→ Data provided:

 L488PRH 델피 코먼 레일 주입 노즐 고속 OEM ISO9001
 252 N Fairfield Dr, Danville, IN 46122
...
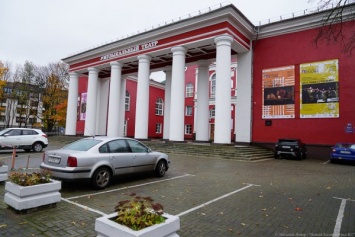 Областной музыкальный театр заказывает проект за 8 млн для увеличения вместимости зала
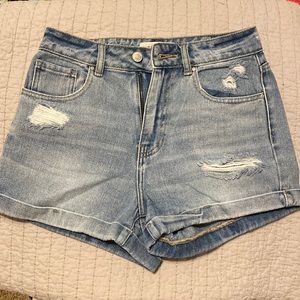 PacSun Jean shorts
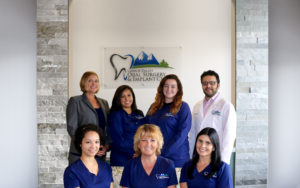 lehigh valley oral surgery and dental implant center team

→ Task instructions: Using the records above, copy word for word the line with "L488PRH 델피 코먼 레일 주입 노즐 고속 OEM ISO9001", the line with "252 N Fairfield Dr, Danville, IN 46122", and every line between them.

→ Answer space:
 L488PRH 델피 코먼 레일 주입 노즐 고속 OEM ISO9001
 252 N Fairfield Dr, Danville, IN 46122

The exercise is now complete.